Stark’s body jolts violently when she pours some rubbing alcohol onto the wound, and she jerks her hand away with a startled gasp, cuts a worried glance at Stark’s face. 

 

“Tony?” she calls out, and there it is – that same naked vulnerability in her expression, the undisguised fear in the wide blue-eyed gaze that James had observed outside earlier.  “Tony?”

 

She reaches for him, hesitant, trembling fingertips skittering over the ashen skin.  Stark’s eyelashes flutter briefly in response, his forehead scrunching up.  But he doesn’t wake fully, and James can feel the pain-strained muscles under his palms relax as the man slips back under mere moments later.

 

“He’s alright,” James gives Potts, what he hopes is, a reassuring nod, loosening his grip on Stark’s arms.  “He’s still out of it.  Just… just keep going.”

 

She doesn’t acknowledge him, but her jaw clenches sharply, lips pressing together in a grim, worried line.  Tears her gaze away from Stark’s face, reaches for the dressing that the other woman holds out for her.

 

“May,” she calls out as she finishes applying the dressing and moves to cover Stark with a blanket that lies folded at the foot of the bed, “could you go check on the boys, please?” There’s something in her voice, a kind of dark tension that puts James on edge once again.

 

The other woman frowns at that, casts a wary glance at James.  “Are you sure it’s a good idea, Pep?” she hedges, concern written into every line of her expressive face.  “I–”

 

“We’ll be fine,” Potts insists, her voice soft but with an undercurrent of cold, unyielding steel.  She gives James a smile that’s all teeth and sharp edges.  “I’ll be out in a bit.”

 

The other woman purses her lips unhappily – an expression eerily similar to what James saw on the face of the older teen not too long ago.  Acquiesces with a soft sigh of defeat.  “Call me if you need me,” she says and walks out, throwing James one last almost apologetic look.

 

It’s only when the door clicks shut behind her that James’s brain finally catches up to him long enough for him to remember a pretty brown-eyed woman that used to sit behind Justin Hammer during meetings, writing things down on a thick notepad.
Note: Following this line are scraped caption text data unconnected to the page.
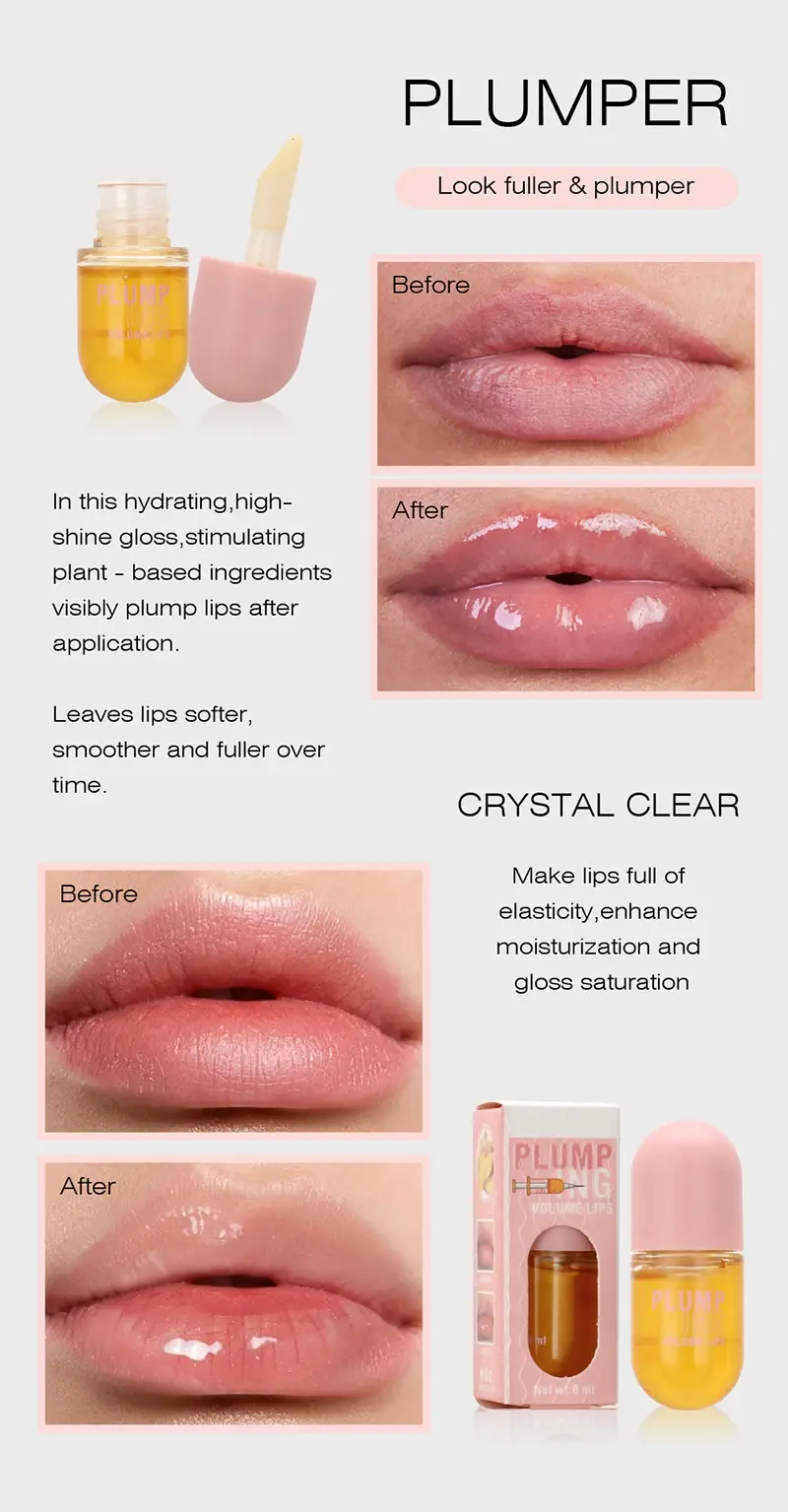 Thumbnail: Long Lasting Lip Plumper Oil Instant Volumising Enhancer Lip Serum Collagen Lips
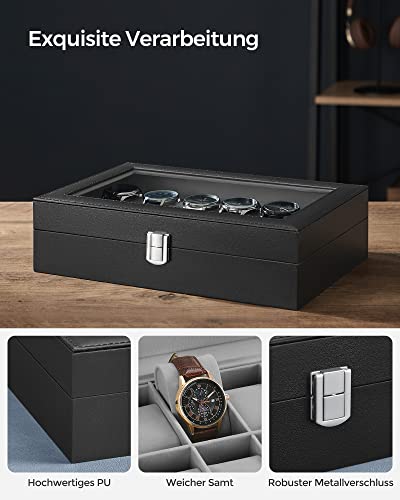 Watch Box with 12 Slots, Watch Case with Glass Lid, Watch Display Box with Removable Watch Pillows, Metal Clasp, Gift Idea, Black Synthetic Leather, Grey Lining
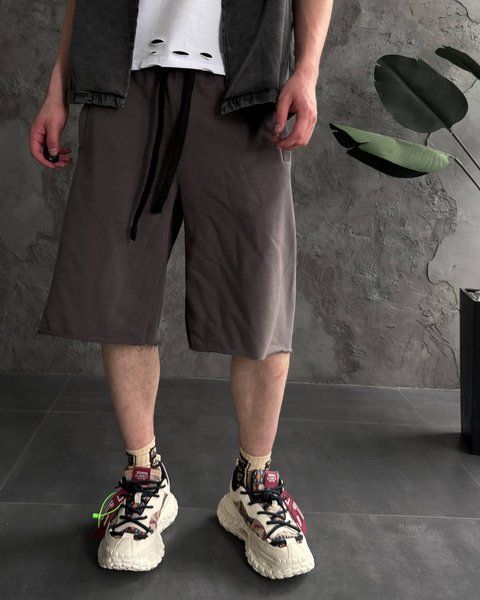 Чоловічі трикотажні oversize шорти у темно-сірому кольорі flow9-S фото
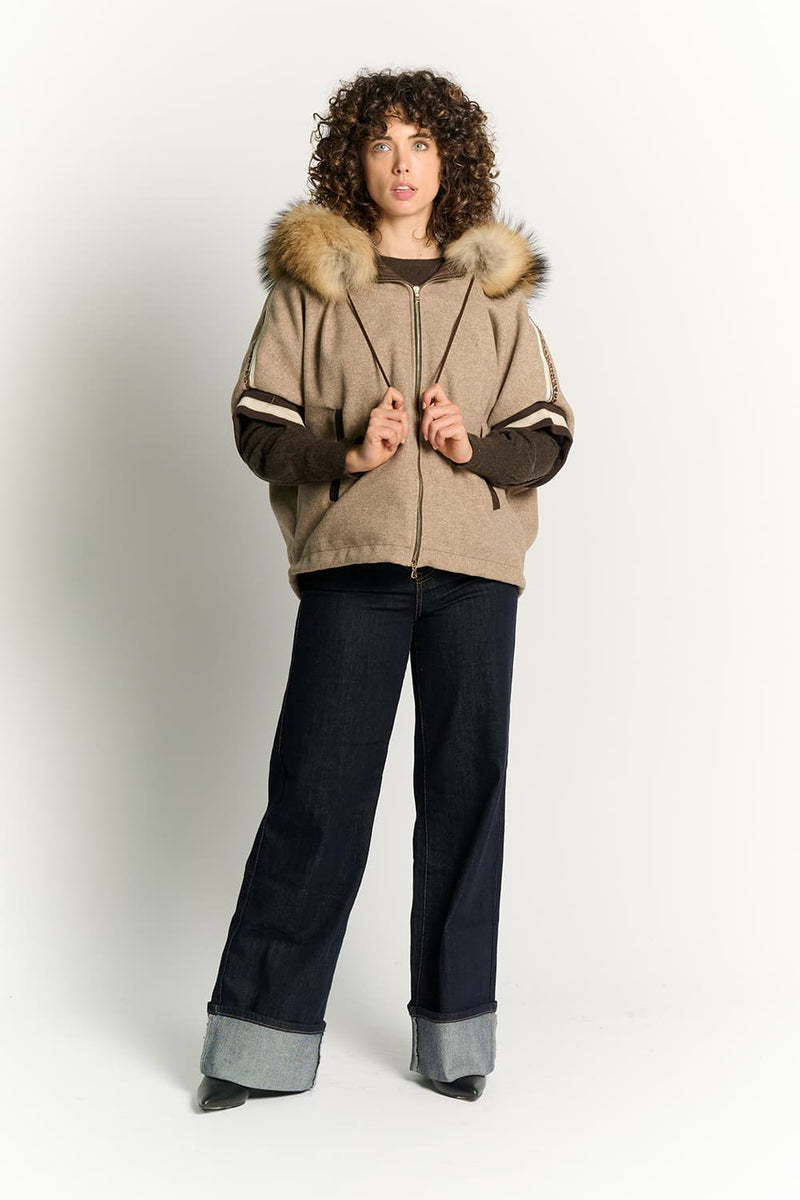 Marta Hazelnut Poncho woman Barone firenze - 2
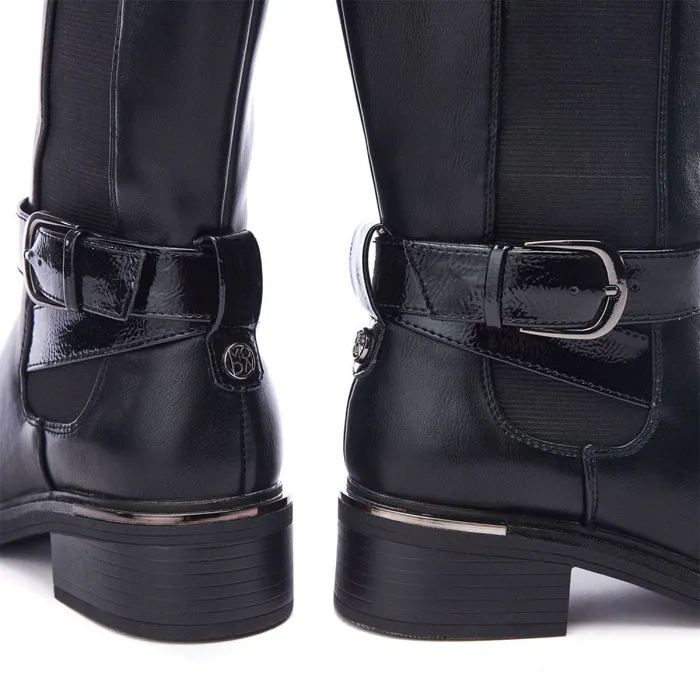 Black Boots Women Moda In Pelle Shanelle Black Porvair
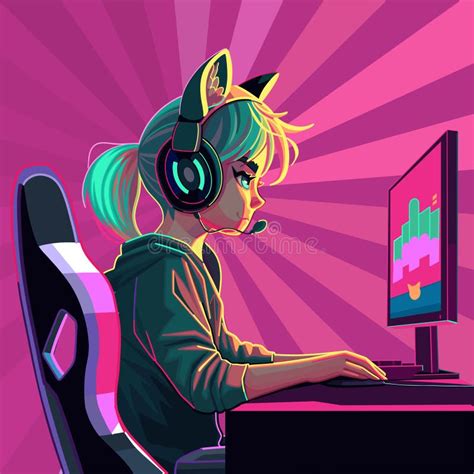 Girl Gamer Or Streamer With Cat Ears Headset Sits At A Computer Stock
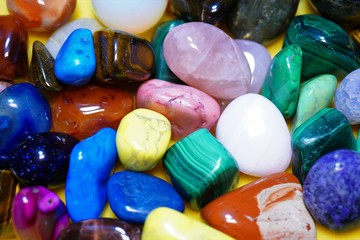 Set of Semi-precious gemstone. Beautiful gemstones minerals. image of many semiprecious stones closeup -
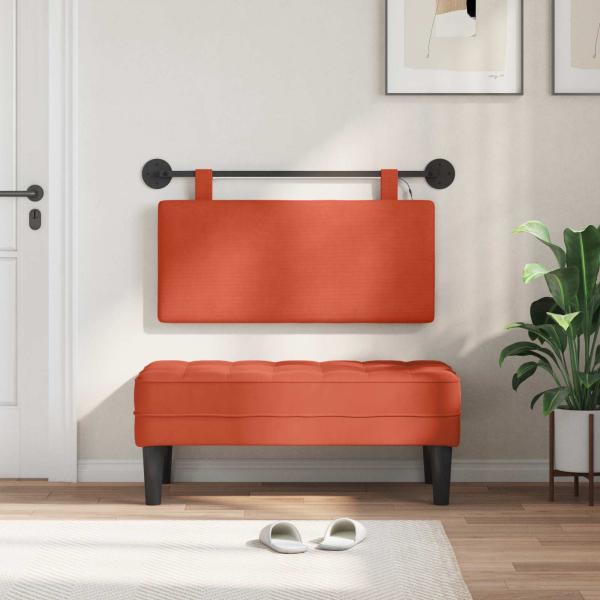 Hängendes Kopfteil Rot-Orange Cordstoff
Parker, MayParker.  The senator’s goddamn secretary.  The one James strongly suspects was the reason behind Stark’s abrupt firing 10 years ago.  The one who disappeared without a trace.    

 

And he really has to wonder about the coincidental strangeness of it all, has questions he wants to ask.  But Potts (Pepper, James knows that, too, now) is looking at him with murder in her eyes, and all those questions are momentarily forgotten as James wonders if the woman might possibly turn out to be more dangerous for his health than the hired killers.